As simple as it sounds, end users just don't get it but vendors are there to make a profit. At the Gartner Symposium in Sydney last week, analyst Craig Baty said users are from Pluto and vendors are from Mercury.
"Mercury is a metal, not even a planet so they aren't even in the same solar system," Baty said.
"They both view the IT ecosystem very differently. Users think about their own environments, but vendors live in a much more complex world of shifting partnerships where they have to supply and meet a customer's needs."
Delivering seven tips on how to deal with vendors, Baty said both users and vendors have a very different world view but the end goal is the same.

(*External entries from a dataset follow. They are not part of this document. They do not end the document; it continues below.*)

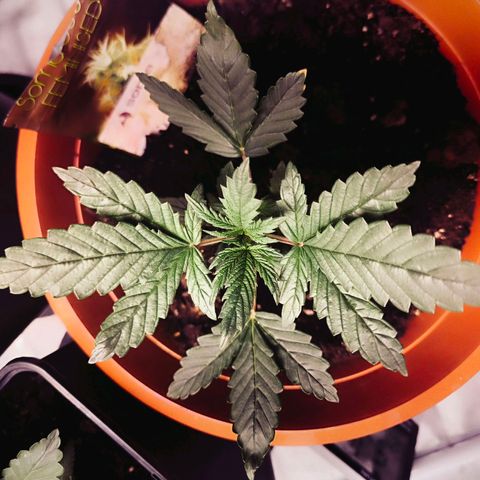  Auto Cheese - Auto Critical Hybride growlog photo: 23:48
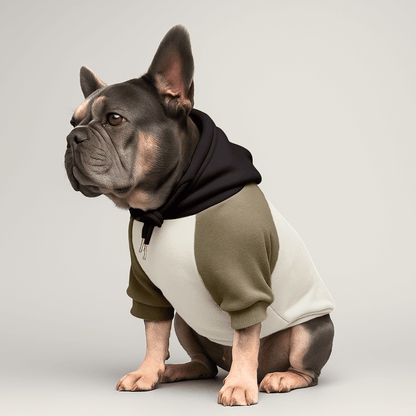 BULLÉ Hoodie – Französische Bulldogge | MyBullyLove®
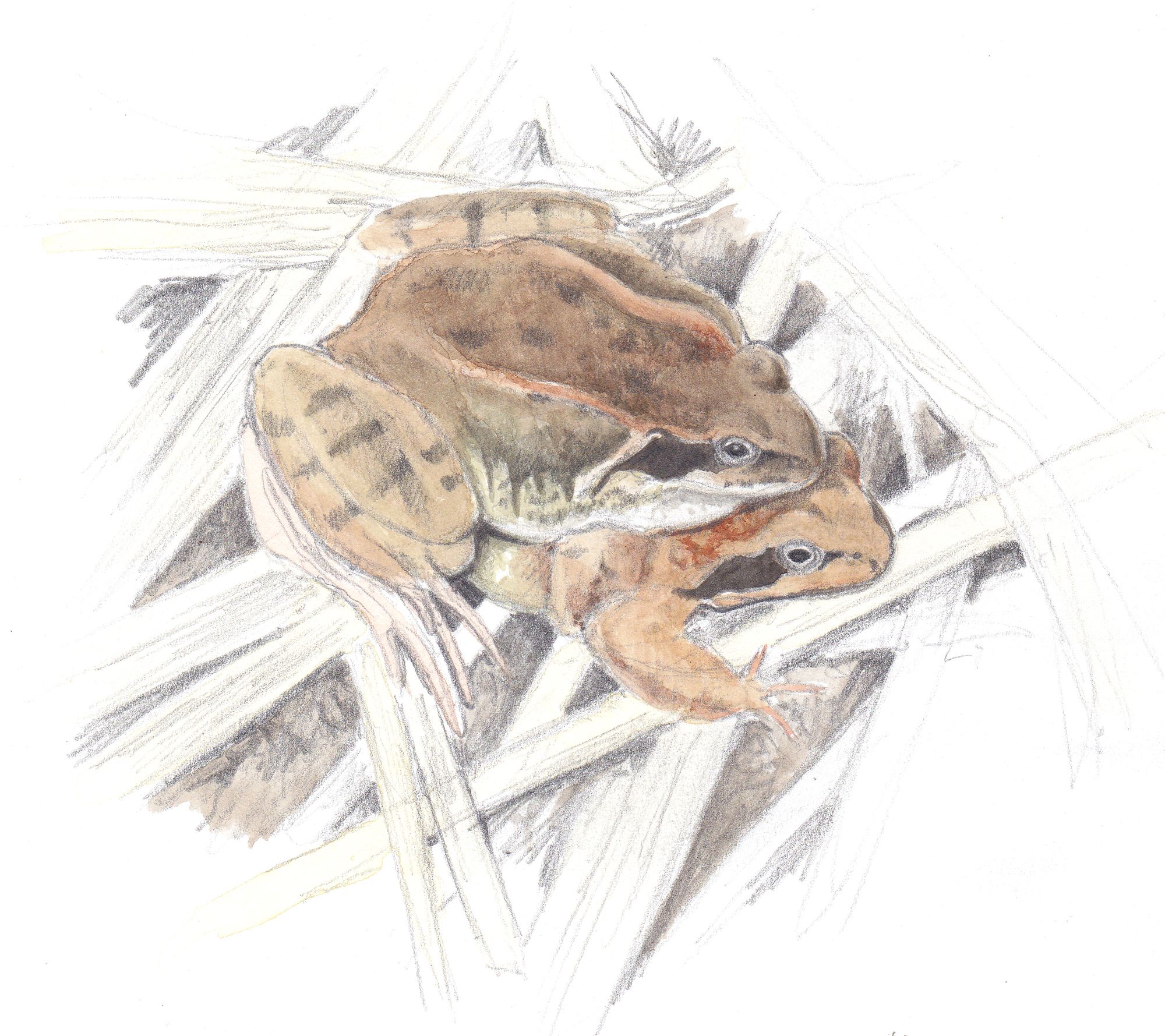 11_grenouilles-rousses1jpeg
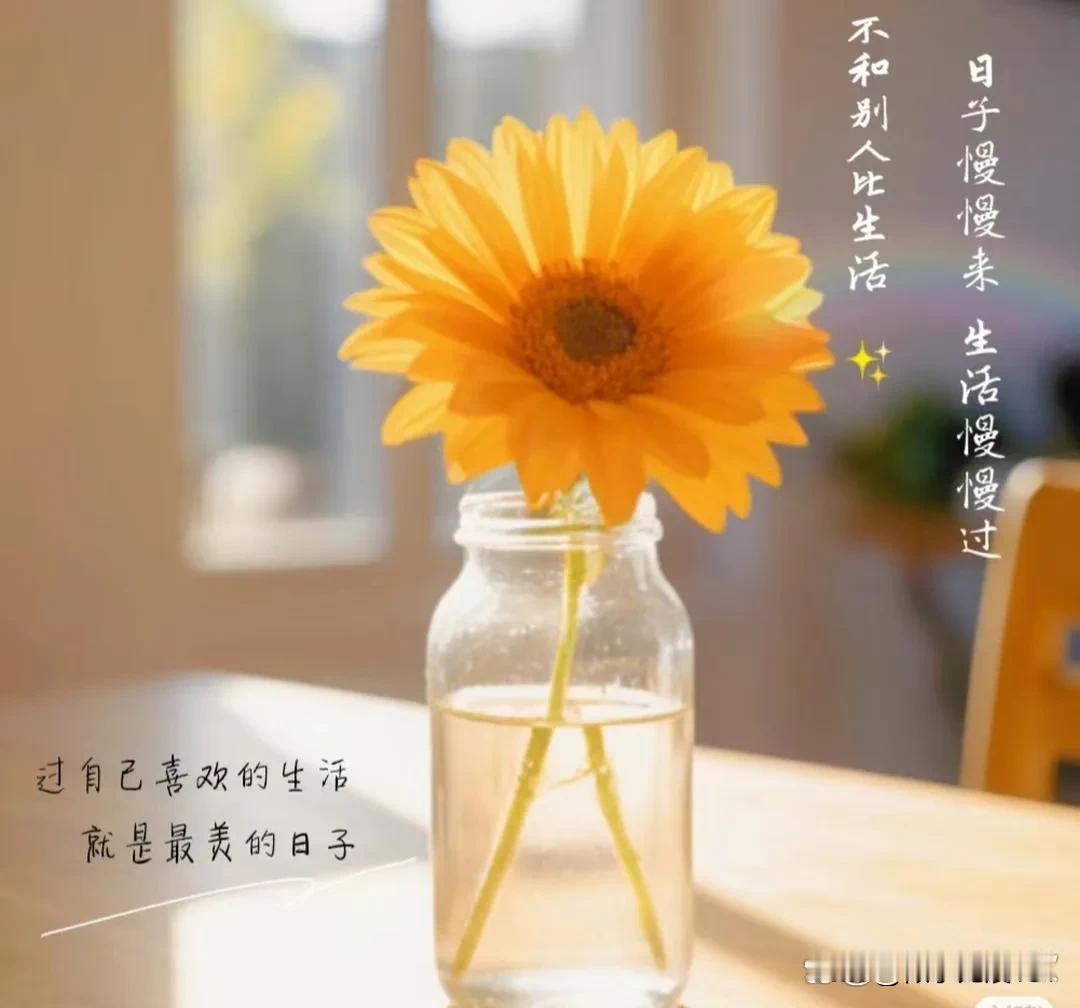  
平安喜乐就好
超赞的一句话："长路漫漫，终有归途，这路遥马急的人间，你我平安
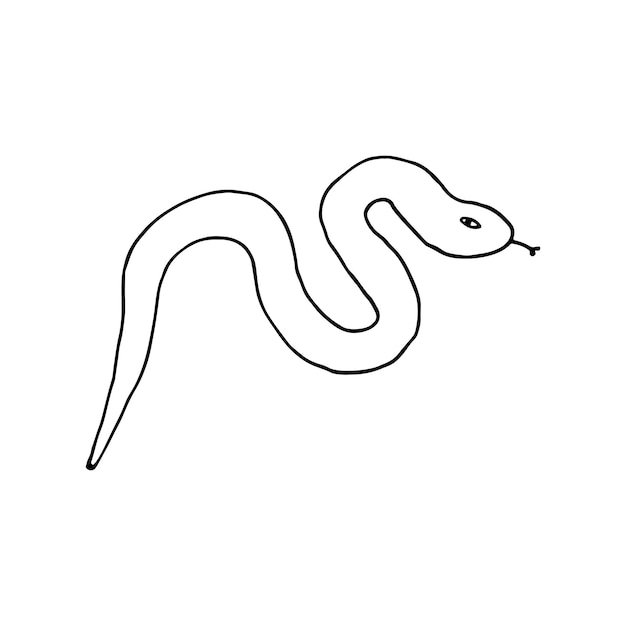 Węże gady łuszczące się gady Doodle ilustracja wektorowa rysowana ręcznie Kontur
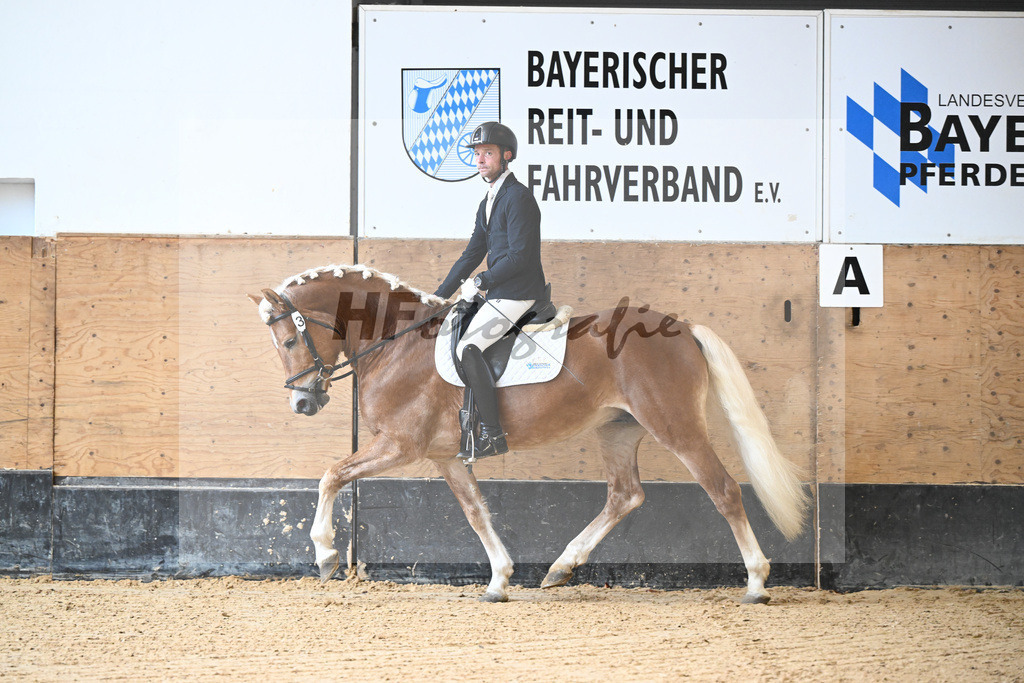 Kat-Nr. 3 Atlantis-D_Telser_44240180 | hf-fotografie - Realisiert mit Pictrs.com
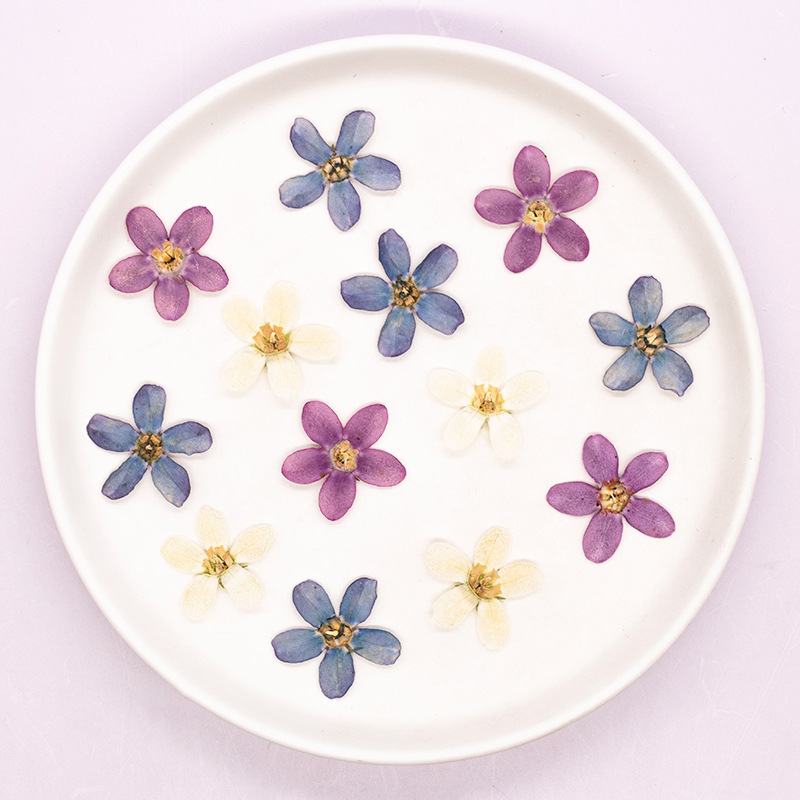 12 Stück, gepresste blaue Ster – Dried Flower Pressed Bewertung und Preis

It is all about profits, so there really aren't any great discounts.
In a good climate, he said, customers will get a good deal on software licences, but vendors have to make up the difference somewhere.
"Sure you will get the discount, but then the vendor will put in onerous agreements to make up the difference by introducing some very complex maintenance clauses to cover their costs," Baty said.

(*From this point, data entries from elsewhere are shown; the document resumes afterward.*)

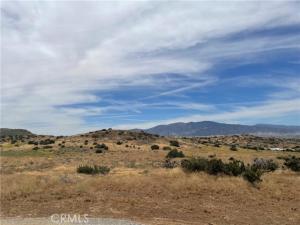 MLS #SR24022026 image #0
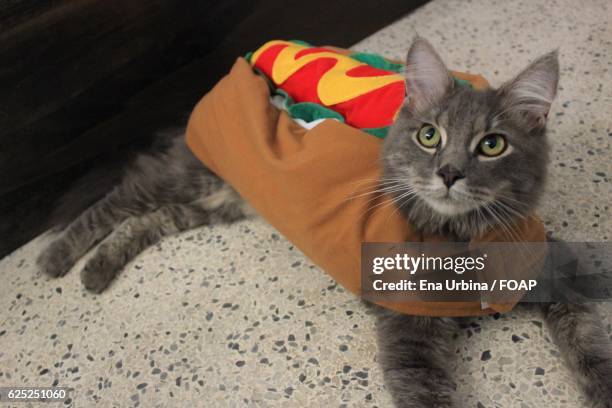 Purr-fectly Hilarious: The Ultimate Guide to Cat in Hot Dog Costume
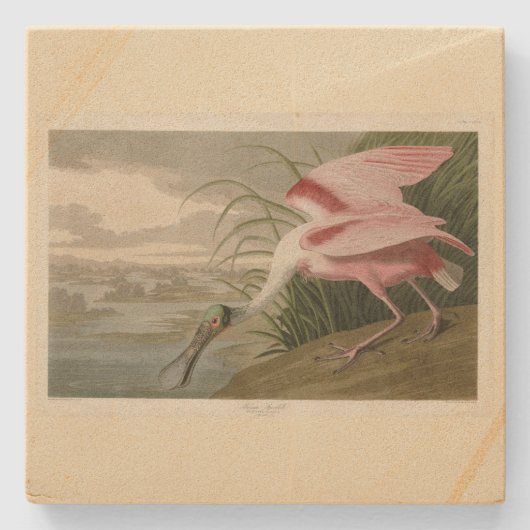 Roseate Spoonbill uit Audubon's Birds of America Stenen Onderzetter (Voorkant)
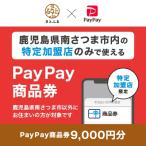 PayPay商品券 9 000円分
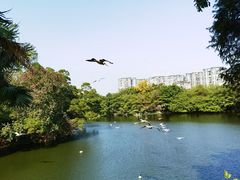 -广州长隆野生动物世界
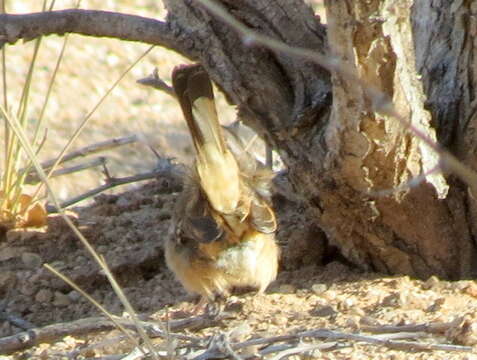 Image of Barred Wren-Warbler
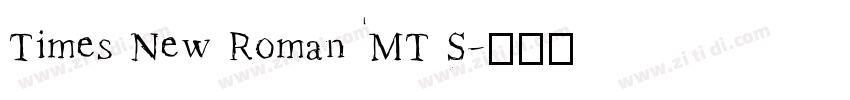 Times New Roman MT S字体转换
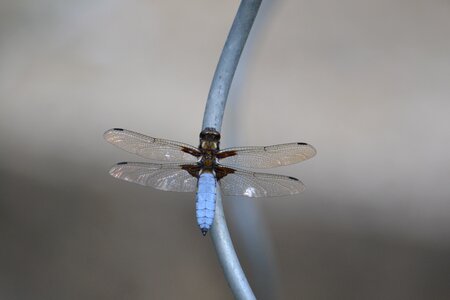 Wing close up flight insect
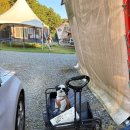 서산농협 팔봉지점 이미지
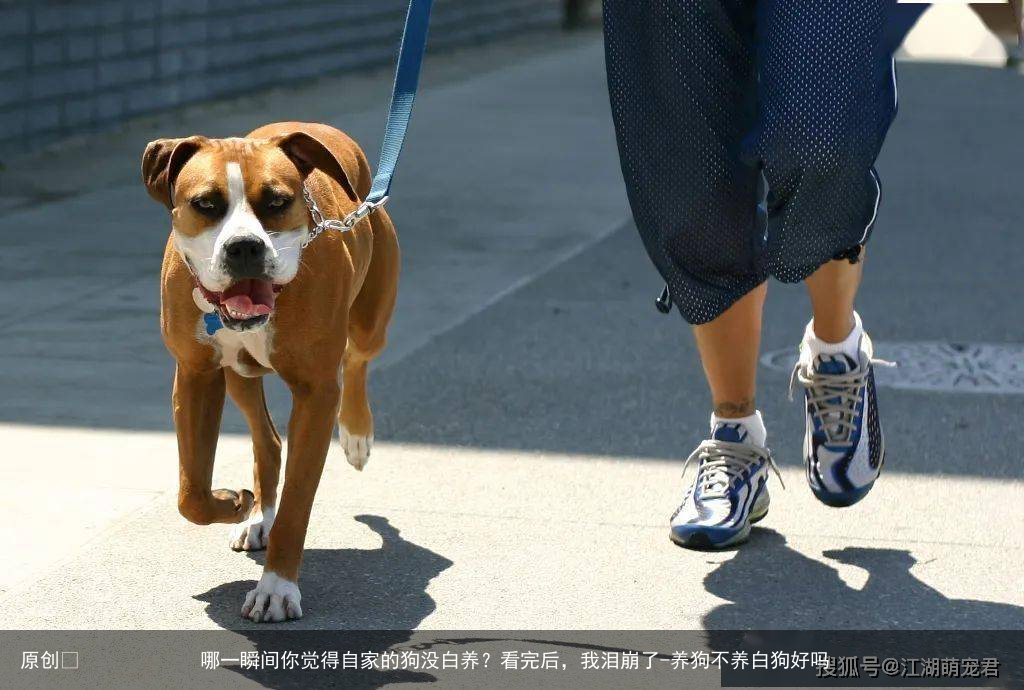 哪一瞬间你觉得自家的狗没白养？看完后，我泪崩了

"Make sure you get them to map out any discounts, don't fall for any arbitrary models. They are not trying to rip you off, but they have to make a profit." Put simply, users want agility as the business changes while vendors want predictable returns.
Baty said customers need to understand the vendor's business model, his first tip was to allow the vendor to make enough money. He also suggests finding the right balance between trust and control so that long-term deals are based on solid relationships.

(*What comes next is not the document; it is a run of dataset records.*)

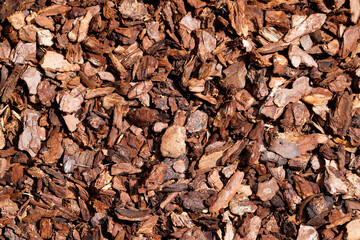 Pine bark for natural weed control in the garden. Brown bark mulch as a background. - obrazy, fototapety, plakaty
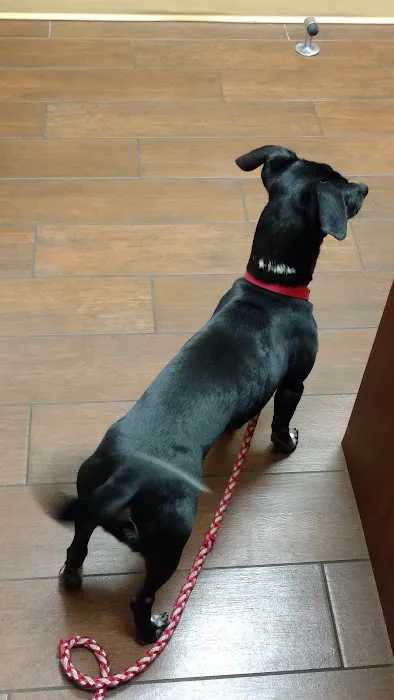 Animal Hospital Of Centerton Picture 1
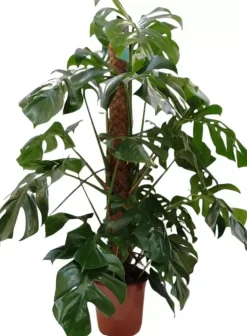 Monstera (Gatenplant) 125cm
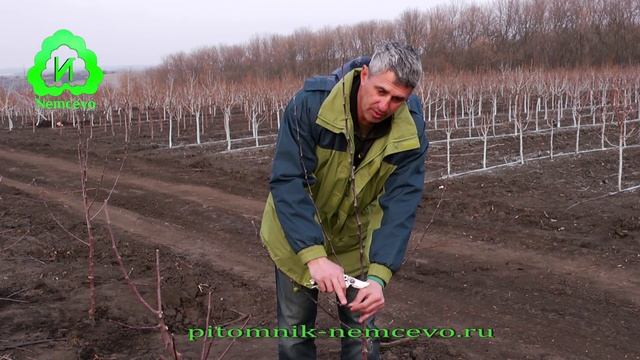 Обрезка, формирование кроны однолетнего дерева. Питомник Немцево. смотреть онлайн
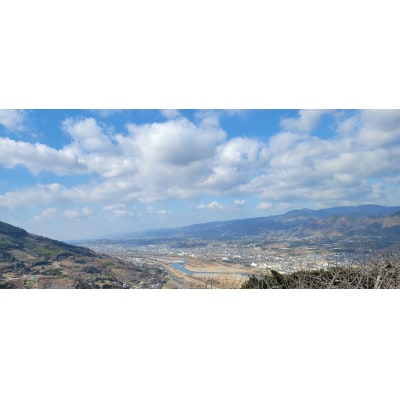 【先行受付】和歌山県産(刀根早生)贈答用3kg【1522422】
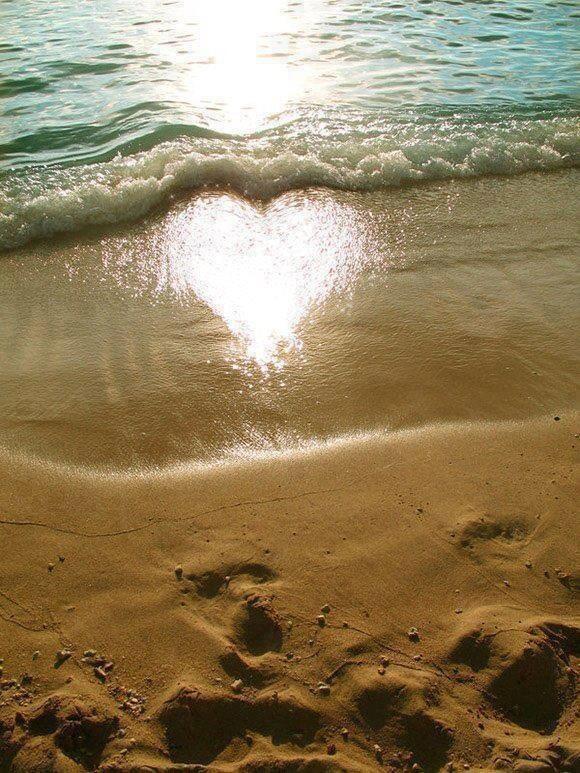 rybotics's tweet photo. Nature's Art http://t.co/ZEcyMq5BoO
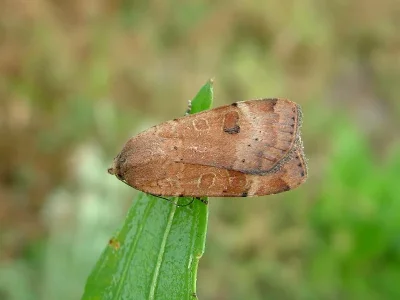 Noctua interposita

Also, when putting out a tender make sure it is attractive to a broad range of vendors and includes the incumbent.
"Vendor relationships are like marriages; once you are married you must keep talking and communicating," Baty said.
"Often you find out more about the vendors you are not using, because they are pitching for business, than you do about your current supplier. "Keep up the dinners, the dialogue and get to know people behind the scenes; keep the marriage working."
Baty said it's important to involve the vendor in planning cycles.
"Create an opportunity for the vendor to be dependent on you. They love reference sites so volunteer to become one as this is worth gold," he said.
"They are not going to let you down once you're a reference site, they will make sure you are looked after."
Dealing successfully with vendors:
- Allow the vendor to make enough money.
- Understand the vendor's business model
- Balance trust and control.
- Agree in advance what 'successful installation,delivery and service' looks like.
- Understand the vendor's request for proposal (RFP) process.
- Establish strong communication protocols.
- Involve the vendor in your planning cycles and business review.